Skip the pictures and copy all the data that follows exactly.
——
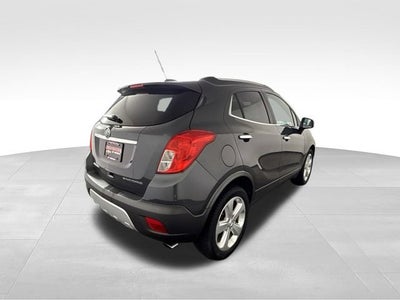 2016 Buick Encore Convenience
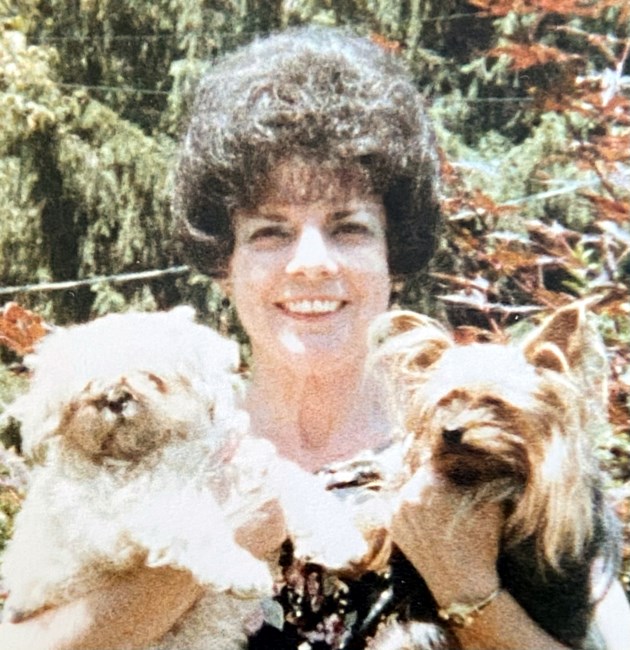 Obituary of Dorothy M. Mazejy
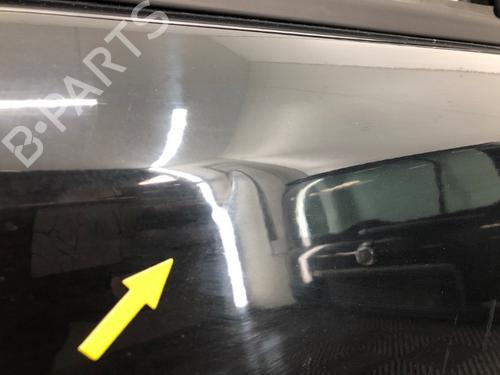 Right front door FIAT PANDA (169_) 1.2 (169.AXB11, 169.AXB1A) | BP25154243C3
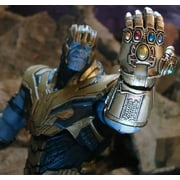 Marvel Select Thanos Action Figure (Collector Edition)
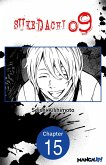 SUKEDACHI NINE #015 (eBook, ePUB) SUKEDACHI NINE #015 (eBook, ePUB)
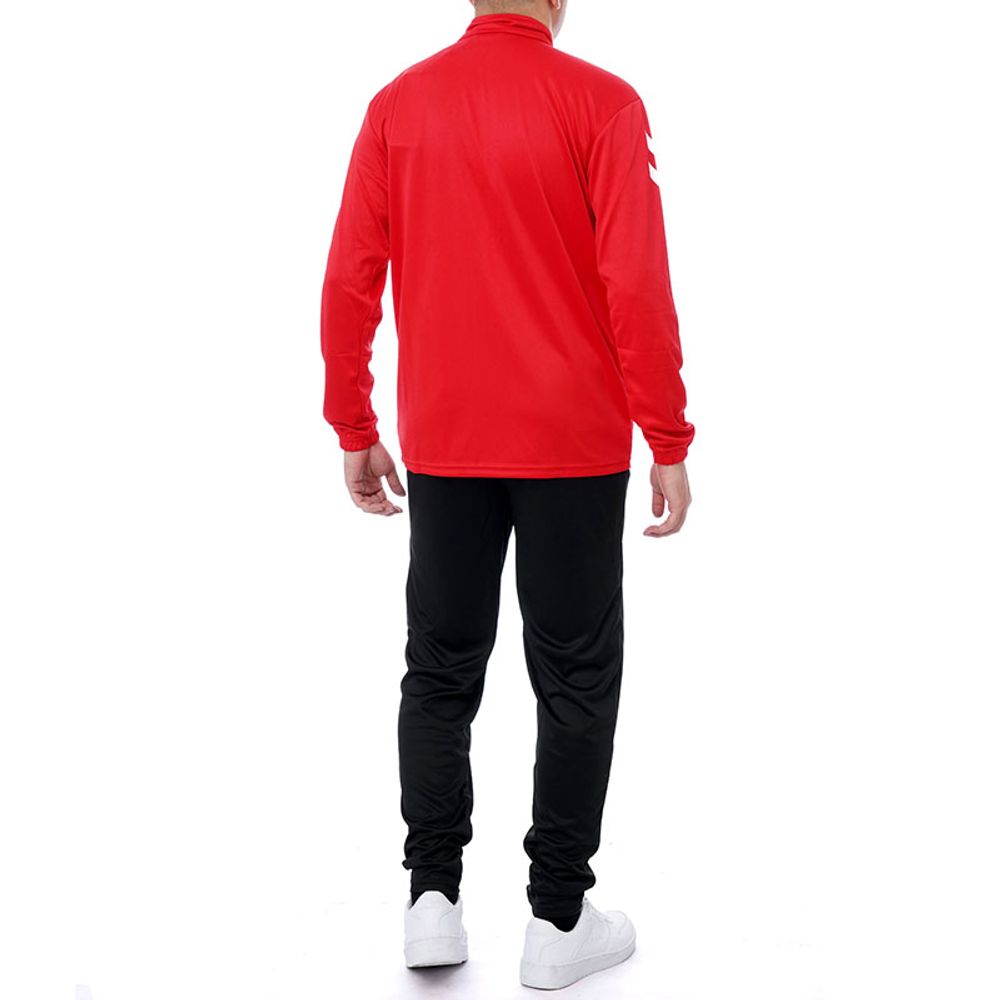 Hummel Komplet trenerka Hmllogo Suit za muškarce slika 2
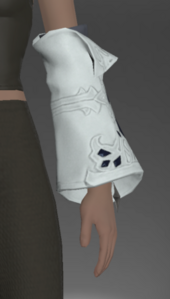 Antiquated Channeler's Armlets front.png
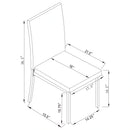 Garza Dining Side Chair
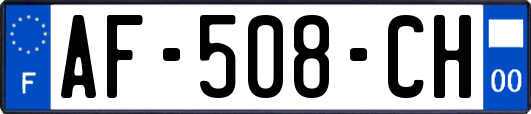 AF-508-CH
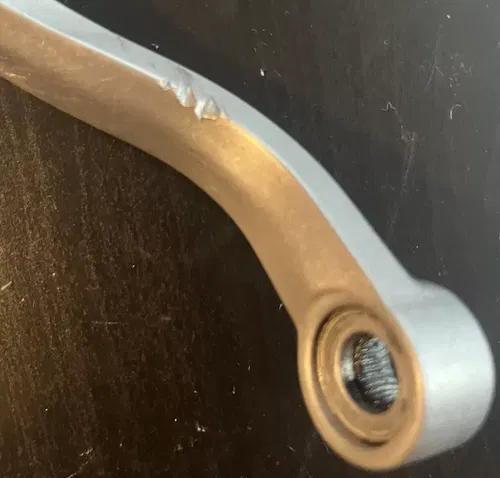 2014 KTM 250 SX Shifter Peg - OEM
——
EXPECTED ANSWER ▸
 2016 Buick Encore Convenience
 Obituary of Dorothy M. Mazejy
 Right front door FIAT PANDA (169_) 1.2 (169.AXB11, 169.AXB1A) | BP25154243C3
 Marvel Select Thanos Action Figure (Collector Edition)
 SUKEDACHI NINE #015 (eBook, ePUB) SUKEDACHI NINE #015 (eBook, ePUB)
 Hummel Komplet trenerka Hmllogo Suit za muškarce slika 2
 Antiquated Channeler's Armlets front.png
 Garza Dining Side Chair
 AF-508-CH
 2014 KTM 250 SX Shifter Peg - OEM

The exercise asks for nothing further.